Set it all down exactly, every record and every line.
━━━━━ MATERIAL FOR THE TASK ━━━━━
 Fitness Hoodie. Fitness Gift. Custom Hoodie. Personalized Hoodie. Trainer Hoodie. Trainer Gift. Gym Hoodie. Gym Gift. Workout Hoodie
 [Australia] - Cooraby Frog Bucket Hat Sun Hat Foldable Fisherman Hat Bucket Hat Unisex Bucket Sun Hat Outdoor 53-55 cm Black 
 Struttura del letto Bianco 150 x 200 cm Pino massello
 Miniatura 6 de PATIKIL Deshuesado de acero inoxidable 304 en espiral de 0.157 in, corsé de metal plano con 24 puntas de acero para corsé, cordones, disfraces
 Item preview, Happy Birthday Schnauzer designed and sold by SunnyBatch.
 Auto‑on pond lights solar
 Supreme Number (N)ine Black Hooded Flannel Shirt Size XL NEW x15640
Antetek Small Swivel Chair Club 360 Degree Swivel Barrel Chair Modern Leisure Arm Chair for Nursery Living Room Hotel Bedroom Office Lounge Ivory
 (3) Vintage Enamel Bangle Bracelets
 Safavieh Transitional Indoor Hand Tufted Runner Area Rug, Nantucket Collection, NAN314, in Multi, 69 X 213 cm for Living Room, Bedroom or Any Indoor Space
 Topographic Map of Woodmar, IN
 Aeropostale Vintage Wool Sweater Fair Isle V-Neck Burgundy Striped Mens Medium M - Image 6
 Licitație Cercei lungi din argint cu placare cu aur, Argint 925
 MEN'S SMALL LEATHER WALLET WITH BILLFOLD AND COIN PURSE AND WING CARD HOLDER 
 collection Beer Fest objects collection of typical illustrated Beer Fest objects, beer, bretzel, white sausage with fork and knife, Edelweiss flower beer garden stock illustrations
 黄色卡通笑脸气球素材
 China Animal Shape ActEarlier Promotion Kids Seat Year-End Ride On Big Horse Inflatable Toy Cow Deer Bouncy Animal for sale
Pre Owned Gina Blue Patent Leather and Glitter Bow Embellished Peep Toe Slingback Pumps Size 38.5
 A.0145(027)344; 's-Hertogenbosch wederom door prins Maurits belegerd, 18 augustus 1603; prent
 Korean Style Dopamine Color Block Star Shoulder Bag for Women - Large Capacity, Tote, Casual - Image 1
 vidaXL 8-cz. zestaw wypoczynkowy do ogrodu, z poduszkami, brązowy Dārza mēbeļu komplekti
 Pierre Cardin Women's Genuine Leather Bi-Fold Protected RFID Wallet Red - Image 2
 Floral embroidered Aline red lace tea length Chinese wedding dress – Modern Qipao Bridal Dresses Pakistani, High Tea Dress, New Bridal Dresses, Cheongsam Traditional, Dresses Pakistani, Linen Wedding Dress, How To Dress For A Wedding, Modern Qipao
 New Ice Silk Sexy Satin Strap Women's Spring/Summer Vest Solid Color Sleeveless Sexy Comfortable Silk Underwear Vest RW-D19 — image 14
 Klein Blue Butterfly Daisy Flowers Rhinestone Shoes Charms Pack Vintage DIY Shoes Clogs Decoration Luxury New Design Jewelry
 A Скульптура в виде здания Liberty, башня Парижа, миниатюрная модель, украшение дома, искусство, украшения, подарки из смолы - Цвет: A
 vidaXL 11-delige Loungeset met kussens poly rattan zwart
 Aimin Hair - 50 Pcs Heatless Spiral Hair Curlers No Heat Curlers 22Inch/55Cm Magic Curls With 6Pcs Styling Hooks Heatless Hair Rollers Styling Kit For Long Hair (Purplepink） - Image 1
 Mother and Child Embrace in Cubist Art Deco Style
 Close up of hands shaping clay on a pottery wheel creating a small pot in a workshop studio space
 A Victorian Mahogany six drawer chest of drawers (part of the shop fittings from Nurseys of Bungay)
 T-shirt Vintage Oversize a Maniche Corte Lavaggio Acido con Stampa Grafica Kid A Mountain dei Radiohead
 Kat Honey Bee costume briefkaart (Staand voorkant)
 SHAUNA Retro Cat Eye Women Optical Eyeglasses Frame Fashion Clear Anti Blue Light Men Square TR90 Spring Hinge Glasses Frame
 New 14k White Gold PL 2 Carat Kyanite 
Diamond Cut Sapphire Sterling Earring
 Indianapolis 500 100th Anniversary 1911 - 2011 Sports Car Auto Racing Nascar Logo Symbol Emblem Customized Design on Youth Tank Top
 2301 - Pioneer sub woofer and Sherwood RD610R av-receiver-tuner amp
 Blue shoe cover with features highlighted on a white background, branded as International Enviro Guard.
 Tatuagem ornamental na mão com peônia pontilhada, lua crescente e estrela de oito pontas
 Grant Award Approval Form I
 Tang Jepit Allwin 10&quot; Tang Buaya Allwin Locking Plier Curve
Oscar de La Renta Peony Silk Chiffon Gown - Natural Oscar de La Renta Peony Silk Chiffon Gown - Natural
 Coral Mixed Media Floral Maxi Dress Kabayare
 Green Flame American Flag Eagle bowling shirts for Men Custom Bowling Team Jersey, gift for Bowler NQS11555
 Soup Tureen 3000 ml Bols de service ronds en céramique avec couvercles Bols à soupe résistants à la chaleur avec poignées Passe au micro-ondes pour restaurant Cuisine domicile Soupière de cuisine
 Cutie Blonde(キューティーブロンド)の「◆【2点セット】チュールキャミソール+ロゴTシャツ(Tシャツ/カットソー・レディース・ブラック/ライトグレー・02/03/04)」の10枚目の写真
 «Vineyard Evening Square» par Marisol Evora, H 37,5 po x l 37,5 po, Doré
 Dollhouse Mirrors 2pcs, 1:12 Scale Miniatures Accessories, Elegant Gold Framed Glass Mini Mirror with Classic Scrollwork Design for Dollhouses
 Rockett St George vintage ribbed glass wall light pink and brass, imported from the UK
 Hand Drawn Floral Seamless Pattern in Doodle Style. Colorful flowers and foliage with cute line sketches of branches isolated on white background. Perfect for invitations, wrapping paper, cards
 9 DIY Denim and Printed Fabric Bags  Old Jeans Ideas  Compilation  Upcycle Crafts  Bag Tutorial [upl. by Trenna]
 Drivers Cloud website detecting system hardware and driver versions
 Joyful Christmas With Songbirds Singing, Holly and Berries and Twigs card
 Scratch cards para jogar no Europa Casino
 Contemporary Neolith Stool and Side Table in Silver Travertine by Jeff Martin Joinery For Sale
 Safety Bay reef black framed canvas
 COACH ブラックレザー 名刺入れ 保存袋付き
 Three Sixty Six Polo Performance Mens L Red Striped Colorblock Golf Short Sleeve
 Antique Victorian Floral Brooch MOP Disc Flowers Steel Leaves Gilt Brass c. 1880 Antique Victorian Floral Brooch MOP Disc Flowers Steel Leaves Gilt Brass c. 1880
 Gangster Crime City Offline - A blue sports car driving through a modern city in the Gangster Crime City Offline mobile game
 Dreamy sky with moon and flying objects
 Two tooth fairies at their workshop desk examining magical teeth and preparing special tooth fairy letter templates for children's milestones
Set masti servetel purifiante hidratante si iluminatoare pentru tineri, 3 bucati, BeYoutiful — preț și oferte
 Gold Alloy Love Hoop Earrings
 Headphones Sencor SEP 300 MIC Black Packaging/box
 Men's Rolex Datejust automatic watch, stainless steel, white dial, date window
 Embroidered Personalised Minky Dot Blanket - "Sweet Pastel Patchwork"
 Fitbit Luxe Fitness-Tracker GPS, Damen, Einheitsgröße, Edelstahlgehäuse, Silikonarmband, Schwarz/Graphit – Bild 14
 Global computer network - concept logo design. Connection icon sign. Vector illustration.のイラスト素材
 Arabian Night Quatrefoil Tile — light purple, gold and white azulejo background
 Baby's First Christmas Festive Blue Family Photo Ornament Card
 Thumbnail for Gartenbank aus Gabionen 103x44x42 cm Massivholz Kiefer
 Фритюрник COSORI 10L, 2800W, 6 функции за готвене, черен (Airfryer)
━━━━━
■ YOUR SOLUTION
 Fitness Hoodie. Fitness Gift. Custom Hoodie. Personalized Hoodie. Trainer Hoodie. Trainer Gift. Gym Hoodie. Gym Gift. Workout Hoodie
 [Australia] - Cooraby Frog Bucket Hat Sun Hat Foldable Fisherman Hat Bucket Hat Unisex Bucket Sun Hat Outdoor 53-55 cm Black 
 Struttura del letto Bianco 150 x 200 cm Pino massello
 Miniatura 6 de PATIKIL Deshuesado de acero inoxidable 304 en espiral de 0.157 in, corsé de metal plano con 24 puntas de acero para corsé, cordones, disfraces
 Item preview, Happy Birthday Schnauzer designed and sold by SunnyBatch.
 Auto‑on pond lights solar
 Supreme Number (N)ine Black Hooded Flannel Shirt Size XL NEW x15640
Antetek Small Swivel Chair Club 360 Degree Swivel Barrel Chair Modern Leisure Arm Chair for Nursery Living Room Hotel Bedroom Office Lounge Ivory
 (3) Vintage Enamel Bangle Bracelets
 Safavieh Transitional Indoor Hand Tufted Runner Area Rug, Nantucket Collection, NAN314, in Multi, 69 X 213 cm for Living Room, Bedroom or Any Indoor Space
 Topographic Map of Woodmar, IN
 Aeropostale Vintage Wool Sweater Fair Isle V-Neck Burgundy Striped Mens Medium M - Image 6
 Licitație Cercei lungi din argint cu placare cu aur, Argint 925
 MEN'S SMALL LEATHER WALLET WITH BILLFOLD AND COIN PURSE AND WING CARD HOLDER 
 collection Beer Fest objects collection of typical illustrated Beer Fest objects, beer, bretzel, white sausage with fork and knife, Edelweiss flower beer garden stock illustrations
 黄色卡通笑脸气球素材
 China Animal Shape ActEarlier Promotion Kids Seat Year-End Ride On Big Horse Inflatable Toy Cow Deer Bouncy Animal for sale
Pre Owned Gina Blue Patent Leather and Glitter Bow Embellished Peep Toe Slingback Pumps Size 38.5
 A.0145(027)344; 's-Hertogenbosch wederom door prins Maurits belegerd, 18 augustus 1603; prent
 Korean Style Dopamine Color Block Star Shoulder Bag for Women - Large Capacity, Tote, Casual - Image 1
 vidaXL 8-cz. zestaw wypoczynkowy do ogrodu, z poduszkami, brązowy Dārza mēbeļu komplekti
 Pierre Cardin Women's Genuine Leather Bi-Fold Protected RFID Wallet Red - Image 2
 Floral embroidered Aline red lace tea length Chinese wedding dress – Modern Qipao Bridal Dresses Pakistani, High Tea Dress, New Bridal Dresses, Cheongsam Traditional, Dresses Pakistani, Linen Wedding Dress, How To Dress For A Wedding, Modern Qipao
 New Ice Silk Sexy Satin Strap Women's Spring/Summer Vest Solid Color Sleeveless Sexy Comfortable Silk Underwear Vest RW-D19 — image 14
 Klein Blue Butterfly Daisy Flowers Rhinestone Shoes Charms Pack Vintage DIY Shoes Clogs Decoration Luxury New Design Jewelry
 A Скульптура в виде здания Liberty, башня Парижа, миниатюрная модель, украшение дома, искусство, украшения, подарки из смолы - Цвет: A
 vidaXL 11-delige Loungeset met kussens poly rattan zwart
 Aimin Hair - 50 Pcs Heatless Spiral Hair Curlers No Heat Curlers 22Inch/55Cm Magic Curls With 6Pcs Styling Hooks Heatless Hair Rollers Styling Kit For Long Hair (Purplepink） - Image 1
 Mother and Child Embrace in Cubist Art Deco Style
 Close up of hands shaping clay on a pottery wheel creating a small pot in a workshop studio space
 A Victorian Mahogany six drawer chest of drawers (part of the shop fittings from Nurseys of Bungay)
 T-shirt Vintage Oversize a Maniche Corte Lavaggio Acido con Stampa Grafica Kid A Mountain dei Radiohead
 Kat Honey Bee costume briefkaart (Staand voorkant)
 SHAUNA Retro Cat Eye Women Optical Eyeglasses Frame Fashion Clear Anti Blue Light Men Square TR90 Spring Hinge Glasses Frame
 New 14k White Gold PL 2 Carat Kyanite 
Diamond Cut Sapphire Sterling Earring
 Indianapolis 500 100th Anniversary 1911 - 2011 Sports Car Auto Racing Nascar Logo Symbol Emblem Customized Design on Youth Tank Top
 2301 - Pioneer sub woofer and Sherwood RD610R av-receiver-tuner amp
 Blue shoe cover with features highlighted on a white background, branded as International Enviro Guard.
 Tatuagem ornamental na mão com peônia pontilhada, lua crescente e estrela de oito pontas
 Grant Award Approval Form I
 Tang Jepit Allwin 10&quot; Tang Buaya Allwin Locking Plier Curve
Oscar de La Renta Peony Silk Chiffon Gown - Natural Oscar de La Renta Peony Silk Chiffon Gown - Natural
 Coral Mixed Media Floral Maxi Dress Kabayare
 Green Flame American Flag Eagle bowling shirts for Men Custom Bowling Team Jersey, gift for Bowler NQS11555
 Soup Tureen 3000 ml Bols de service ronds en céramique avec couvercles Bols à soupe résistants à la chaleur avec poignées Passe au micro-ondes pour restaurant Cuisine domicile Soupière de cuisine
 Cutie Blonde(キューティーブロンド)の「◆【2点セット】チュールキャミソール+ロゴTシャツ(Tシャツ/カットソー・レディース・ブラック/ライトグレー・02/03/04)」の10枚目の写真
 «Vineyard Evening Square» par Marisol Evora, H 37,5 po x l 37,5 po, Doré
 Dollhouse Mirrors 2pcs, 1:12 Scale Miniatures Accessories, Elegant Gold Framed Glass Mini Mirror with Classic Scrollwork Design for Dollhouses
 Rockett St George vintage ribbed glass wall light pink and brass, imported from the UK
 Hand Drawn Floral Seamless Pattern in Doodle Style. Colorful flowers and foliage with cute line sketches of branches isolated on white background. Perfect for invitations, wrapping paper, cards
 9 DIY Denim and Printed Fabric Bags  Old Jeans Ideas  Compilation  Upcycle Crafts  Bag Tutorial [upl. by Trenna]
 Drivers Cloud website detecting system hardware and driver versions
 Joyful Christmas With Songbirds Singing, Holly and Berries and Twigs card
 Scratch cards para jogar no Europa Casino
 Contemporary Neolith Stool and Side Table in Silver Travertine by Jeff Martin Joinery For Sale
 Safety Bay reef black framed canvas
 COACH ブラックレザー 名刺入れ 保存袋付き
 Three Sixty Six Polo Performance Mens L Red Striped Colorblock Golf Short Sleeve
 Antique Victorian Floral Brooch MOP Disc Flowers Steel Leaves Gilt Brass c. 1880 Antique Victorian Floral Brooch MOP Disc Flowers Steel Leaves Gilt Brass c. 1880
 Gangster Crime City Offline - A blue sports car driving through a modern city in the Gangster Crime City Offline mobile game
 Dreamy sky with moon and flying objects
 Two tooth fairies at their workshop desk examining magical teeth and preparing special tooth fairy letter templates for children's milestones
Set masti servetel purifiante hidratante si iluminatoare pentru tineri, 3 bucati, BeYoutiful — preț și oferte
 Gold Alloy Love Hoop Earrings
 Headphones Sencor SEP 300 MIC Black Packaging/box
 Men's Rolex Datejust automatic watch, stainless steel, white dial, date window
 Embroidered Personalised Minky Dot Blanket - "Sweet Pastel Patchwork"
 Fitbit Luxe Fitness-Tracker GPS, Damen, Einheitsgröße, Edelstahlgehäuse, Silikonarmband, Schwarz/Graphit – Bild 14
 Global computer network - concept logo design. Connection icon sign. Vector illustration.のイラスト素材
 Arabian Night Quatrefoil Tile — light purple, gold and white azulejo background
 Baby's First Christmas Festive Blue Family Photo Ornament Card
 Thumbnail for Gartenbank aus Gabionen 103x44x42 cm Massivholz Kiefer
 Фритюрник COSORI 10L, 2800W, 6 функции за готвене, черен (Airfryer)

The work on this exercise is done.